Online casino winnings are subject to the Pennsylvania’s Gross Income Tax, including all other forms of gambling (sports betting, racetrack, lotto, etc.).

Federal Tax Form W2-G for Casinos and Bookies

All Pennsylvania-licensed casinos and racetracks, must report gambling winnings to the IRS on Form W2-G. This includes all partnered online casinos and online sportsbooks. The physical licensed establishment will report these figures.

How Much are PA Casino Winnings Taxed?

Gambling winnings from a Pennsylvania location are taxable to residents and non-residents. This includes online sports betting and placing bets at casinos and racetracks. The amount of tax you owe on your gambling winnings, is based on your taxable income bracket.

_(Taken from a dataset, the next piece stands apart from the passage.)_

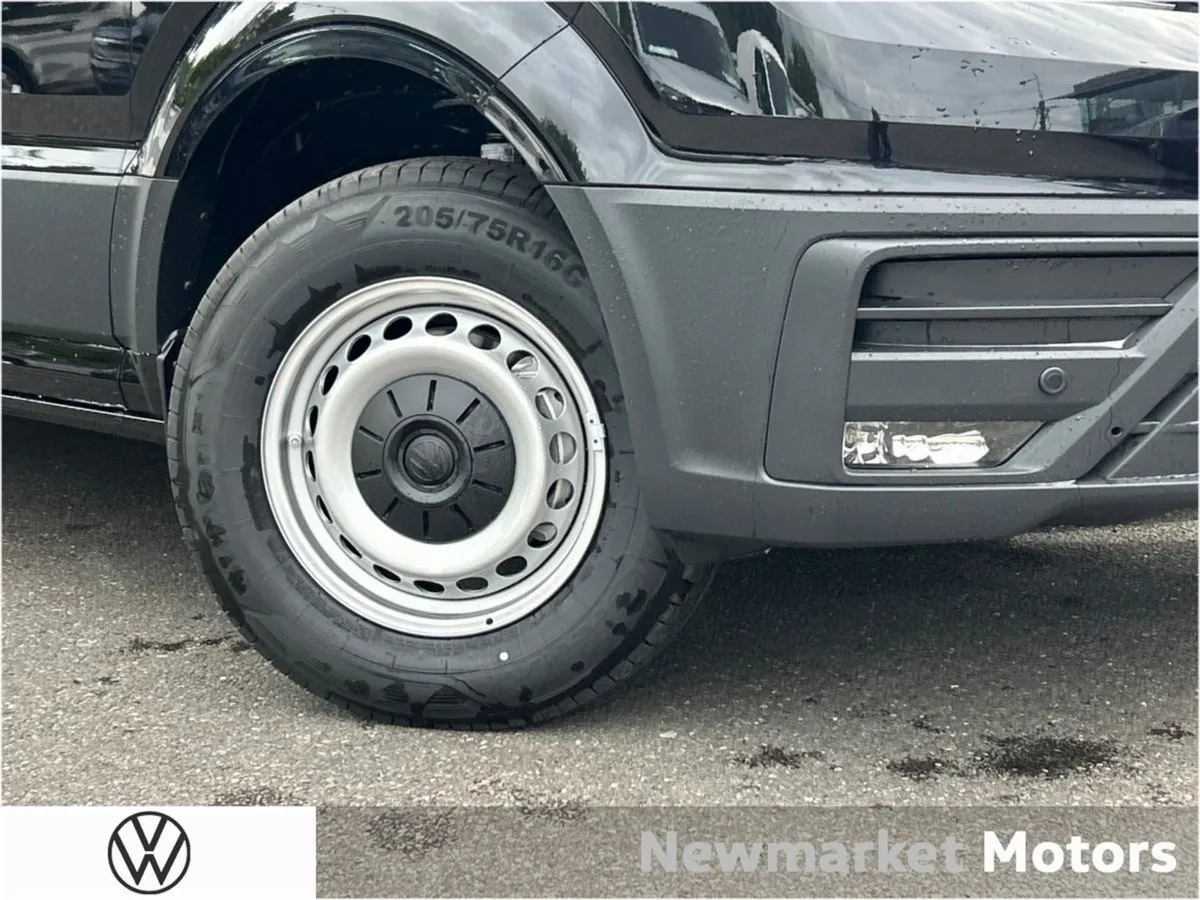 Volkswagen Crafter 2.0tdi 177BHP 35 Highline Auto - Image 2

As stated by the Pennsylvania Department of Revenue, players can use gambling losses to offset gambling winnings from the same year as long as they do not exceed total winnings. Losses that equate to more than earning, cannot be reported as a negative figure on the Pennsylvania tax return.

If you report gambling winnings (net of losses) on your Pennsylvania return, you must attach a supporting statement indicating your total winnings and losses. Residents and nonresidents use PA-40 Schedule T, Gambling and Lottery Winnings (PDF) to report amount(s) of gambling and lottery winnings..

  • The following gambling and lottery winnings, in Pennsylvania, are taxable:
  • The value of property (automobiles, jewelry, electronic devices, appliances, clothes, etc.)
  • The value of the use of property (trips, vacations, airline tickets, cruise, etc.)
  • Other items of value

Your Responsibility to Declare Winnings

The PA establishment must submit Form W2-G and if necessary, withhold the appropriate tax from your winnings. Either way, if they do submit it or not, you will need to report your net gambling winnings as income on your tax return (along with loss offsets).

If you do receive Form W-2G from a gambling operator, you must not ignore it. File your tax return and categorize this income appropriately. Otherwise, the IRS may be in touch with you.